CIVICUS, a global civil society alliance, Asian Forum for Human Rights and Development (FORUM-ASIA) and Asian Human Rights Commission (AHRC) are gravely concerned about the use of disproportionate force during demonstrations led by the main opposition party in Dhaka on 28 October 2023. Our organisations call for an independent and impartial investigation into the violations and for the authorities to respect the right to freedom of peaceful assembly.
On 28 October 2023, a huge demonstration was held in Dhaka led by the main opposition party, the Bangladesh Nationalist Party (BNP). Tens of thousands of BNP members and supporters participated in the rally, demanding a neutral caretaker government to oversee the scheduled January 2024 national elections and the resignation of Prime Minister Sheikh Hasina.

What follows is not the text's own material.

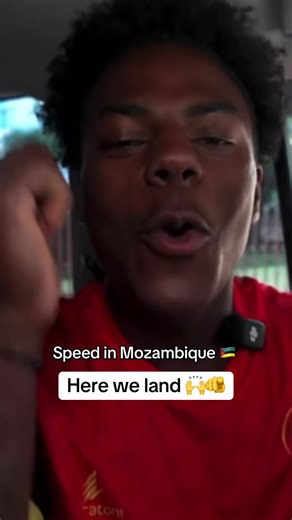 Speed lands in Mozambique Africa tour #speedinmozambique #ishowspeedinmozambique #ishowspeed #fyp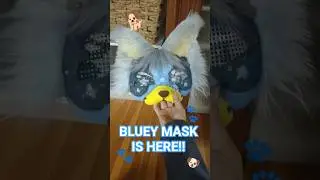 time lapse of the BLUEY MASK!!!! #bluey #mask #dog #gear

According to reports, the protest became violent as the police used disproportionate force, including stun grenades, tear gas, and rubber bullets against the demonstrators. Many protesters were also assaulted by the police. At least one BNP member was killed and nearly a hundred individuals were injured in the clashes between BNP members and the police. One police officer was also reportedly killed, numerous others were injured, vehicles were torched, and the police claim that BNP members were involved in acts of vandalism. However, news reports also mentioned that two individuals wearing a police vest set fire to a bus.
On 29 October, the Secretary General of BNP, Mirza Fakhrul Islam Alamgir, was arrested by the police . Over a thousand persons, primarily opposition activists and leaders, have been detained. According to reports, Dhaka Metropolitan Police registered nearly 28 different cases against BNP members linked to the protests.

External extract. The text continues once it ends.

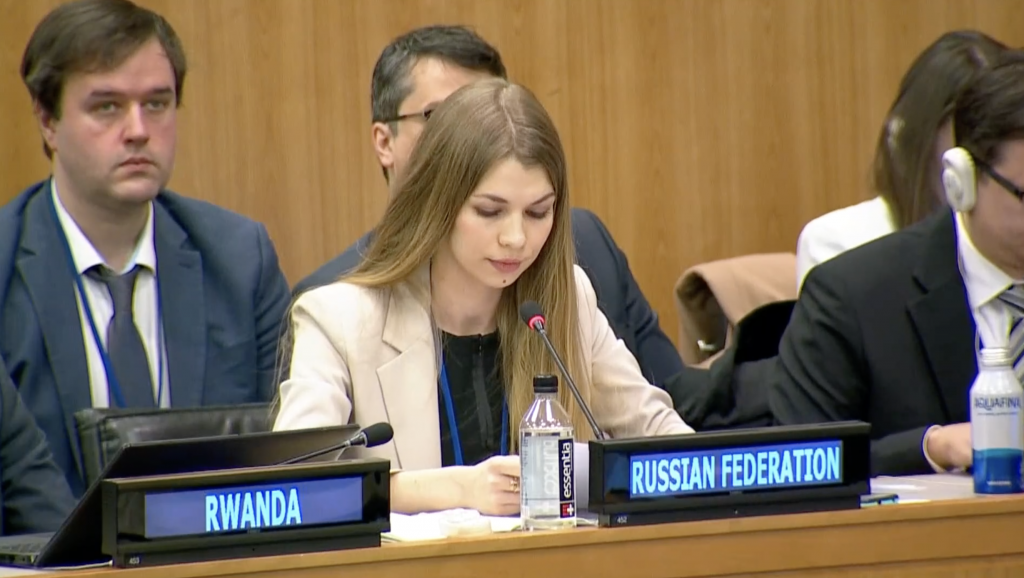 Statement by Representative of the Russian Federation Ms.Irina Tyazhlova at the fourth substantive session of the Open-ended Working Group on security of and in the use of ICTs 2021-2025 on Organization of work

The recurring use of excessive and disproportionate force by the police, particularly directed against the political opposition, to disrupt and curtail their right to peaceful assembly is deeply worrying. The actions by the police appear to contravene international law and standards, including the UN Basic Principles on the Use of Force and Firearms by Law Enforcement Officials.

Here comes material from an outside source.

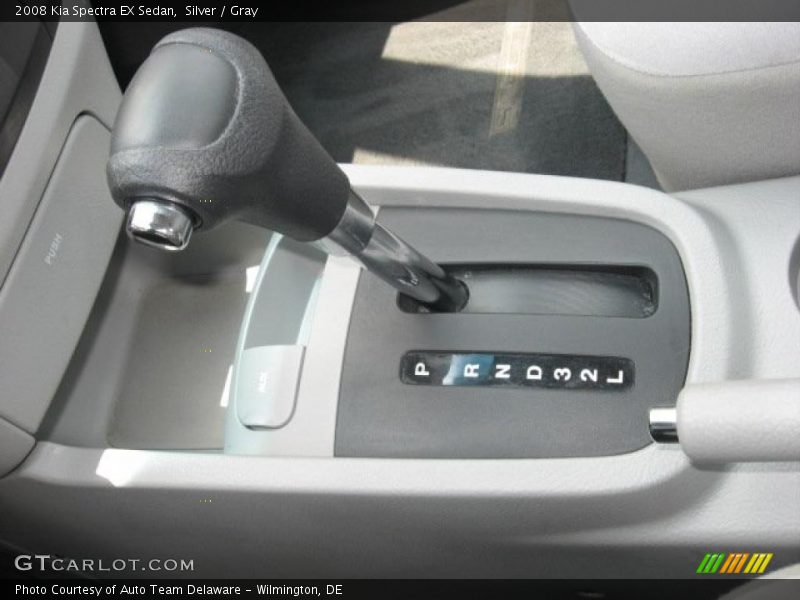 Silver / Gray 2008 Kia Spectra EX Sedan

Ahead of the 28 October rally, the police initiated arbitrary arrests and conducted raids targeting BNP supporters, leading to a reported detention of hundreds. Journalists also faced attacks during the protests, with reports also indicating that the Bangladesh Telecommunication Regulatory Commission issued a directive to telecom operators to either shut down or reduce internet services in the vicinity of the protests.
Bangladesh was added to the CIVICUS Monitor Watchlist in September 2023. In the run-up to the national elections, there has been an escalating crackdown on the opposition, marked by thousands of fabricated cases filed against its supporters and raids on their residences. The government has also repeatedly targeted human rights defenders, exemplified by the conviction of Adilur Rahman Khan and ASM Nasiruddin Elan of human rights group Odhikar, while simultaneously stifling critical media and journalists.
The draconian Digital Security Act (DSA), known for its overbroad and vague provisions that empowered the authorities to police online spaces and target critics and journalists, has been replaced by the new Cyber Security Act that largely retains DSA’s repressive offences. The government continues to use enforced disappearances as a tool to suppress political movements and silence dissenting voices, creating a climate of fear in the country.
Our organisations urge the Awami League government to end its crackdown against the political opposition and civil society and to take steps to ensure that the upcoming elections are conducted in a secure and peaceful environment, respecting and promoting political plurality and the expression of diverse views, while upholding fundamental rights and freedoms. We also call on the international community to increase its pressure on the Bangladesh government to adhere to the rule of law and end the crackdown on civic space.